Es gibt Filme, die einen noch tagelang beschäftigen. Entweder, weil man das Gefühl hat, sie nicht verstanden zu haben, oder weil sie einen emotional bewegen. FRANK gehört zu diesen Filmen. → Die letzte Szene des Films ist seltsam rührend. Michael Fassbender steht da mit eingefallener Körperhaltung, hält ein Mikro in der Hand und besingt weinend in einer heruntergekommenen Kaschemme dreckige Toiletten. Erinnert an SHAME und Carey Mulligans „New York, New York“, nur diesmal eben nicht so glamourös und schick. Irgendwas hat es. Irgendwas Faszinierendes, Trauriges, Melancholie in Filmform.

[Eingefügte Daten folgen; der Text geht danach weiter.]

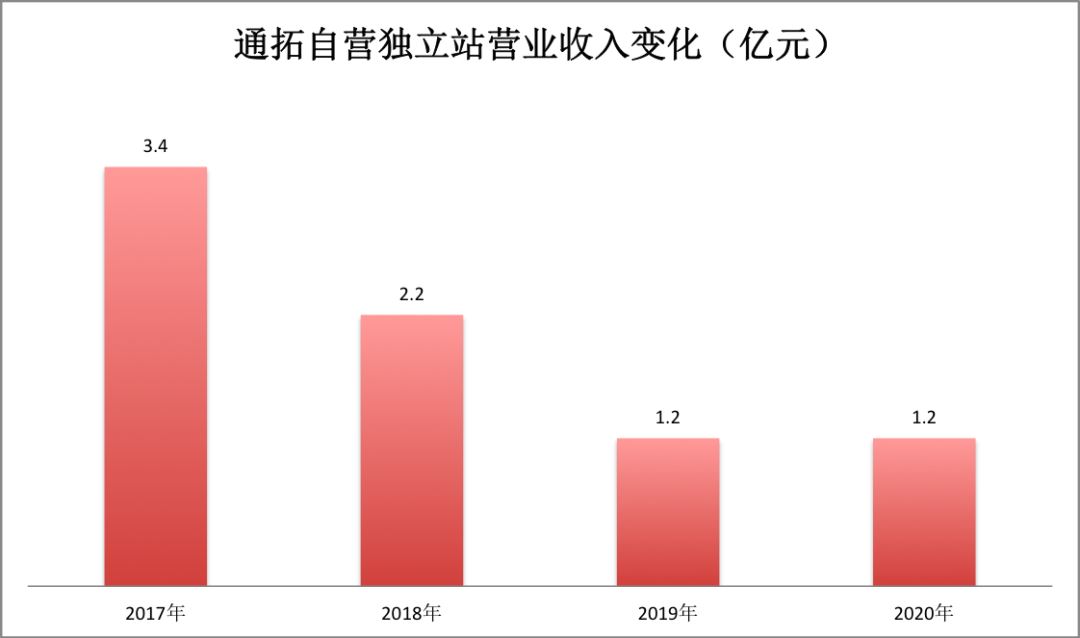 营收腰斩，大卖半年报另有“生机”？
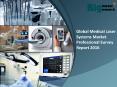 Research On Global Medical Laser Systems Market, Report & Size 2016 PowerPoint PPT Presentation
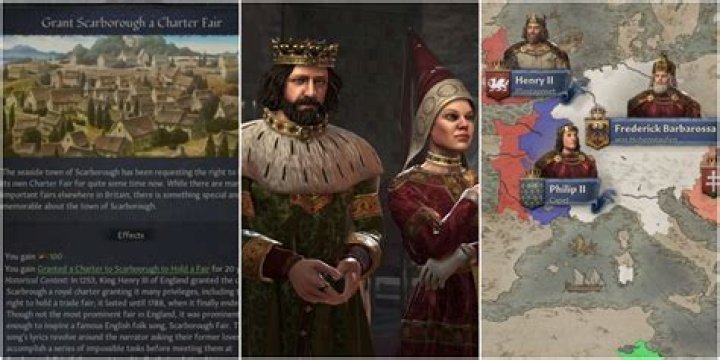 How to invade a whole kingdom in Crusader Kings 2?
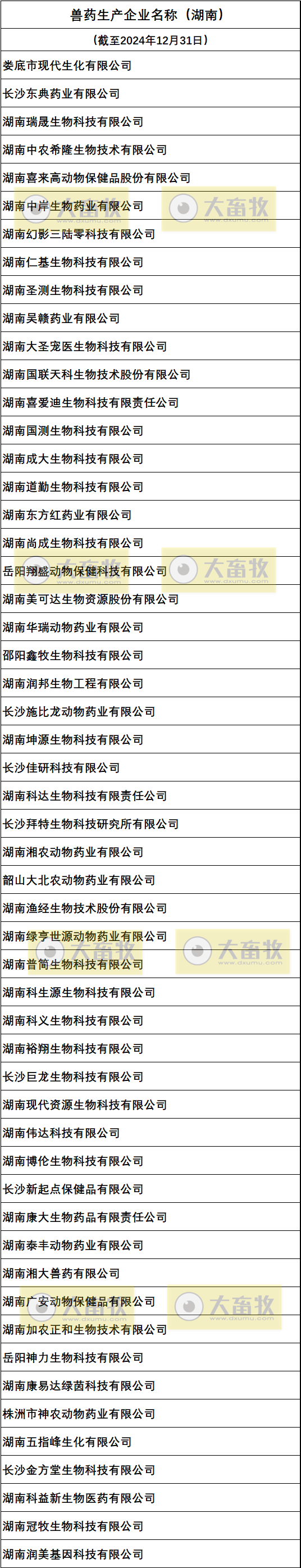 湖南兽药生产企业名录（2024年版）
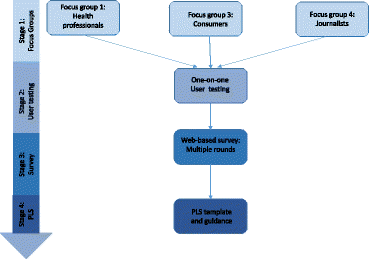 Fig. 1 (abstract O3).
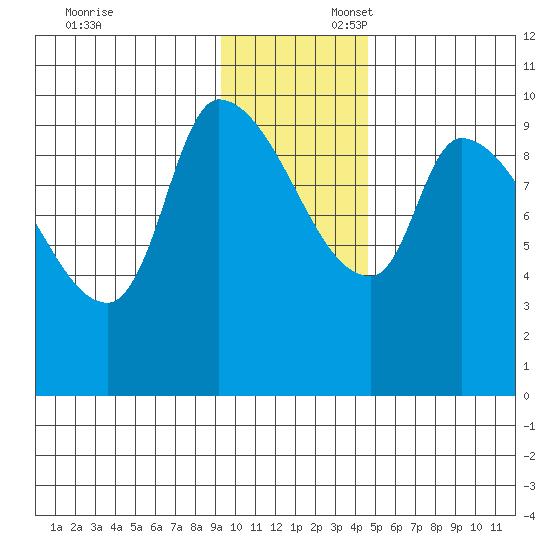 Marmot Bay tide chart for Sunday, November 24, 2024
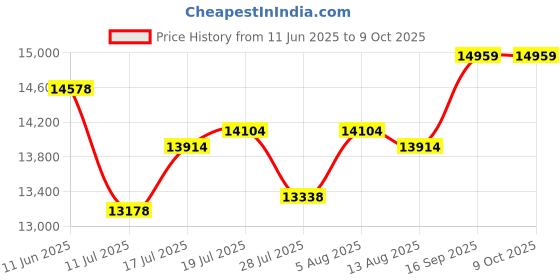 amazon.in Music Player with Spotify Price History Graph from 11 Jun 2025 to 9 Oct 2025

Was denkt der Kopf im Kopf?
FRANK dreht sich um den Möchtgern-Rockstar Jon (Domnhall Gleeson), der in einem verschlafenen britischen Städtchen und in seinem Job als Büroangestellter versauert. Wind kommt in die Sache als sich der Keyboarder der Band „The Soronprfbs“ im Meer ertränken will und aufgrund Unterkühlung für den nächten Gig ausfällt. Jon springt ein ohne groß zu wissen, worauf er sich einlässt. Völlig entgeistert muss er feststellen, dass der Leadsänger der experimentellen Rockband Frank (Michael Fassbender) die ganze Zeit mit einem überdimensionalen Pappmaché-Kopf herumläuft. Doch Jon hat Glück, denn Frank ist von dem verträumten Nachwuchsmusiker begeistert und nimmt ihn kurzerhand mit in die irische Wildnis um dort gemeinsam mit den anderen Bandmitgliedern ein neues Album aufzunehmen. Doch die anderen Bandmitglieder sind nicht begeistert. Die Drummerin Nana (Carla Azar) und der bassspielende Franzose Baraque (François Civil) können ihn nicht leiden. Aber die undurchsichtige Clara (Maggie Gyllenhaal) hasst den Neuankömmling, da er das fragile Bandgefüge durcheinander bringt. Während für sie die Kunst im Vordergrund steht, hat Jon größere Ambitionen: mit der eigenen Musik berühmt werden. Er veröffentlicht die Probenphase auf Twitter und Facebook und meldet die Gruppe beim prestigeträchtigen „South by Southwest“-Festival an.
Völlig abgedreht. Die Band, die Musik, die Landschaft. Völlig gaga und gerade deshalb zieht einen der Film total in seinen Bann. Durch die nicht vorhandene Mimik von Frank bleibt dieser ein unberechenbares Mysterium. So ist auch der Film. Die Songtexte sind grottig, die Musik auch. Es ist so furchtbar, dass es schon wieder gut ist (→ Frank’s most likeable song). Alles total abgefuckt. Darin liegt die Komik. Es ist ein Film über das Scheitern und der Gewinn, der im Scheitern liegen kann, oder im simplen Nichtaufgeben. Jon gerät in diese undurchsichtige Welt voller verkorkster Musiker, die permanent auf der Suche nach dem großen Wurf sind und diesen doch nicht erreichen, weil sie auf dem Weg dorthin permanent über ihre eigenen Füße stolpern. Psychische Krankheiten sind in dieser Band keine Seltenheit. Und obwohl die Protagonisten von Lenny Abrahamsons Film der Welt entrückt scheinen, sind sie trotzdem ein Teil von ihr. Jons Social Media-Kampagne zündet zwar, aber Ruhm ist flüchtig. Hypes, Klickzahlen und Kommentare bedeuten nichts. Die Menschen sind abgestumpft und nehmen nichts mehr ernst.
Wie Jon beobachtet der Zuschauer dieses bunte Treiben und bildet sich seine Meinung. Nicht selten wechselt sich ein ungläubiges Staunen mit einem lauten Lachen ab. Und daher ist es auch konsequent, dass der Film damit endet, dass Jon die Gruppe wieder verlässt. Er ist, wie der Zuschauer, ein Gast auf Zeit. Einzig kleinere Logiklöcher fallen negativ auf. Die Eltern von Jon scheinen ihren Sohn nicht sonderlich zu vermissen, denn sie lassen ihn einfach mit wildfremden Personen nach Irland oder in die USA fahren ohne mal anzurufen. Auch die mentalen Krankheiten der Bandmitglieder bleiben vage. Warum Frank Deutsch sprechen kann, wie in einer Szene zu hören ist, obwohl er in Texas aufgewachsen ist, bleibt unklar. Aber ganz ehrlich: Wen’s kümmert’s? Begeisterung, Verwirrung, Drama und Spaß haben einen Namen: Frank.